While we are stuck with big government, an important check on the power of the executive is an independent second chamber. Although the undemocratic nature of the House of Lords is much derided, it is noticeable that their Lordships have provided much more substantial and well-reasoned opposition to the worst excesses of the current government than has been provided by the Commons. This is quite significantly related to the fact that many of their Lordships do not owe their positions to conformity with party policy.
Jack Straw's leaked proposal for reform of the Lords would undermine that independence. He proposes that half the peers should be appointed and half should be elected, as though this is a compromise. Indeed, much of the debate seems to consider that there are only two options: appointment or election, and that the only question is what balance there should be between the two. This, indeed, is the quality of the opposition parties' contribution to the debate.

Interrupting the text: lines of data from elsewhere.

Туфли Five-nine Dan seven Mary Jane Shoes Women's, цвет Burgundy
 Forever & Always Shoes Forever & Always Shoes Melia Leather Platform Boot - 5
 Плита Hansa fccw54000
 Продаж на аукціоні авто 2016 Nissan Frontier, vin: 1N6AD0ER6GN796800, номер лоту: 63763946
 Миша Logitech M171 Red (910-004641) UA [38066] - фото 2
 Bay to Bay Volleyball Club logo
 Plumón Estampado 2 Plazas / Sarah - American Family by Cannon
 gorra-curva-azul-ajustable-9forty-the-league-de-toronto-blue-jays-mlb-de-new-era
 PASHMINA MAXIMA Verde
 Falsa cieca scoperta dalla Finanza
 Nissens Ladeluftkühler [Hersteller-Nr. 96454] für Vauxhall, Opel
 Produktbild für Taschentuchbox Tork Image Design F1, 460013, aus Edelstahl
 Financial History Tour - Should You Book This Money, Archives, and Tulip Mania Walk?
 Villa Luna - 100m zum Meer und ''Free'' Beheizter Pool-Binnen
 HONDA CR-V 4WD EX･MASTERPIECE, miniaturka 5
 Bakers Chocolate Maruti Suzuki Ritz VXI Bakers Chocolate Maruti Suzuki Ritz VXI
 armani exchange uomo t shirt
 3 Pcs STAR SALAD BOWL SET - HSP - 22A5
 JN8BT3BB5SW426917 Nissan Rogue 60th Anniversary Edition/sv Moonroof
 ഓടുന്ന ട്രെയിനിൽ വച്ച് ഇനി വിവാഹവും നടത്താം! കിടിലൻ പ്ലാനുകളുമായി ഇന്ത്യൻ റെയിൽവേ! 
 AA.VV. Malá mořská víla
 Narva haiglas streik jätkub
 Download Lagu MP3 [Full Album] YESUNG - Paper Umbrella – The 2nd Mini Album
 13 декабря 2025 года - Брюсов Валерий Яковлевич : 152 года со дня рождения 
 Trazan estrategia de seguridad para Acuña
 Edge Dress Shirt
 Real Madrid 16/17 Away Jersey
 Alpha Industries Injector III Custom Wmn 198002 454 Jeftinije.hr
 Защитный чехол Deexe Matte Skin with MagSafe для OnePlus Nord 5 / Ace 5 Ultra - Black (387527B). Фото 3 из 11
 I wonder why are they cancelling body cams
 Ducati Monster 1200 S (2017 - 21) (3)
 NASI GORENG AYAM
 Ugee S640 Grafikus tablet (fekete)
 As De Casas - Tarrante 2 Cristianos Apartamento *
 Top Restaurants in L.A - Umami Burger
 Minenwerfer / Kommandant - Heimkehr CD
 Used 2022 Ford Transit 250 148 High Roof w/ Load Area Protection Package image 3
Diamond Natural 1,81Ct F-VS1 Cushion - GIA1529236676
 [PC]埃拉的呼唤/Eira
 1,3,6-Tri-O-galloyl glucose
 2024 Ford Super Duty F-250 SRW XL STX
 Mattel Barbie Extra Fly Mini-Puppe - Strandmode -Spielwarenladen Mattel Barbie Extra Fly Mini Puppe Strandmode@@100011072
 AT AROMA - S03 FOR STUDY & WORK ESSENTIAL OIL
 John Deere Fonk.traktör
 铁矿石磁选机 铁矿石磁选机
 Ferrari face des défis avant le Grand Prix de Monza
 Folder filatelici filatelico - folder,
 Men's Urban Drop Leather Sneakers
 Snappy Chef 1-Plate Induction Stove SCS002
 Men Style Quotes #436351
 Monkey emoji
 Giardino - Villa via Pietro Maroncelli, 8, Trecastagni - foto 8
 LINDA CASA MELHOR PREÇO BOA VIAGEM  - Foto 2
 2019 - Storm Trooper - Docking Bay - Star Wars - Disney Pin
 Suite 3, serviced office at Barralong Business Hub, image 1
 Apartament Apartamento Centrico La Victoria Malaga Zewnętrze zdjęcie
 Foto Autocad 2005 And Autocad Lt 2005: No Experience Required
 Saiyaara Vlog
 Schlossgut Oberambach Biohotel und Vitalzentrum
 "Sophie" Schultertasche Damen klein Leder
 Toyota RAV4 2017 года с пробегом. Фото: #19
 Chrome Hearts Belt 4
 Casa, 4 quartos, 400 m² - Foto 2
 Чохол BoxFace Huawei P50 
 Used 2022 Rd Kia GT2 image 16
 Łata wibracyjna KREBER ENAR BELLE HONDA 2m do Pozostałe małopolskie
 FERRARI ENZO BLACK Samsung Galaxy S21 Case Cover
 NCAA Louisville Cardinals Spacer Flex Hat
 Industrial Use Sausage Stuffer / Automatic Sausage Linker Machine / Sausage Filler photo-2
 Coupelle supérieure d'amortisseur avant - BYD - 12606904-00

Is there really no third option - one that brought people into the Lords on some basis other than party association? For the one feature that both appointment and election have in common is that they are party-political. Party bosses will do their best to choose their most loyal servants, rather than the most radical and awkward thinkers, for the appointed positions. And those with elected seats in the Lords will be as dependant on the political fortunes of their party as are the MPs in the Commons. The result will be a significant extension of the control of the executive over the second chamber. It will cease to be the check on government that we need, particularly as ever-more powers are centralised to Whitehall. Fiddling with the proportions that are appointed or elected will not much affect this calculation.
Why can we not have a representative Lords, in a different sense to the Commons? Why cannot the Lords be made up of representatives nominated by significant groups in the country: the various religions, the various business sectors (large and small, town and country), the professions, public sector employees, trades union representatives, academics, pensioners, youth, arts, sports, minorities etc. Let's have the Lords as the collection of the great and the good, as recognised by people who are best-placed to assess their skills - the people in the same line of work, or sharing the same experiences in society. That would both maintain the position of the House of Lords as the chamber where debate is more measured and less partisan than the Commons, and strengthen it by bringing in a wider range of backgrounds and experiences, so there will always be people with direct understanding of the likely impact of legislation on any sector of society.
It would be better that there were fewer powers for the second chamber to check. But whilst the tentacles of central government remain so widely-spread, it will be particularly important that the House of Lords remains independent of party-political control.